Landlords in Italy are required by law to pay a 21 percent tax on their rental earnings, and the responsibility of collecting that tax lies with rental providers like Airbnb. According to the law, it was up to Airbnb to withhold the tax amount from the rental income of landlords and pay it to the government. The prosecutors allege that the company did not do that, thereby violating Italian law and necessitating police action.
In a statement released to the BBC following the seizure, Airbnb said it was "surprised and disappointed" with the police action, and stated that it has been having dialogues with the Italian tax authorities for months over the issue. The company also claimed that it had always complied with EU laws, and added that it intends to keep fighting the case in court.
The Italian law that requires home-sharing companies and rental providers to withhold the 21 percent tax from landlords dates back to 2017. Airbnb challenged the law through the Court of Justice of the European Union last year, but its attempt proved unsuccessful. In its judgment, the court ruled that EU member states are well within their rights to require rental platforms to collect taxes on behalf of the government, and that Airbnb should comply with Italian laws if it has to do business in Italy.

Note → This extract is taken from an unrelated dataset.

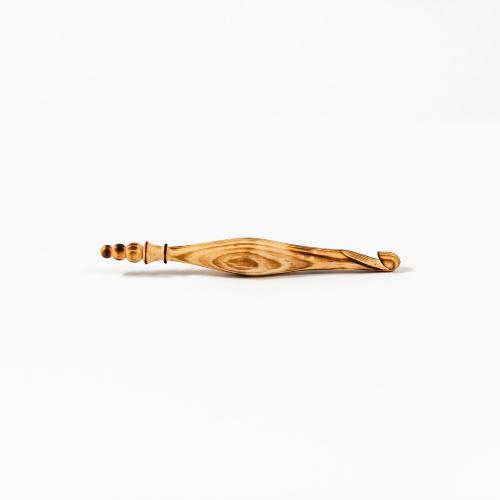 Деревянный крючок для вязания из древесины кедра 11 мм.  K258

Alongside Airbnb, a number of other American tech companies, including Facebook's parent company Meta and streaming giant Netflix, are also under investigation by Italian authorities. While Netflix was ordered to pay €55.8 million (around $59 million) to settle a tax dispute with the country's tax authorities last year, Meta is currently facing a probe for alleged unpaid value-added taxes of about €870 million (around $928 million).
As for Airbnb, the company is facing scrutiny not only in Italy, but also in a number of other major markets around the world. According to reports, Dallas, Barcelona, San Francisco, Seattle, London, Paris, Singapore, New York City, Vancouver and Tokyo have all placed restrictions on short-time rentals following various untoward incidents and protests from local residents and businesses.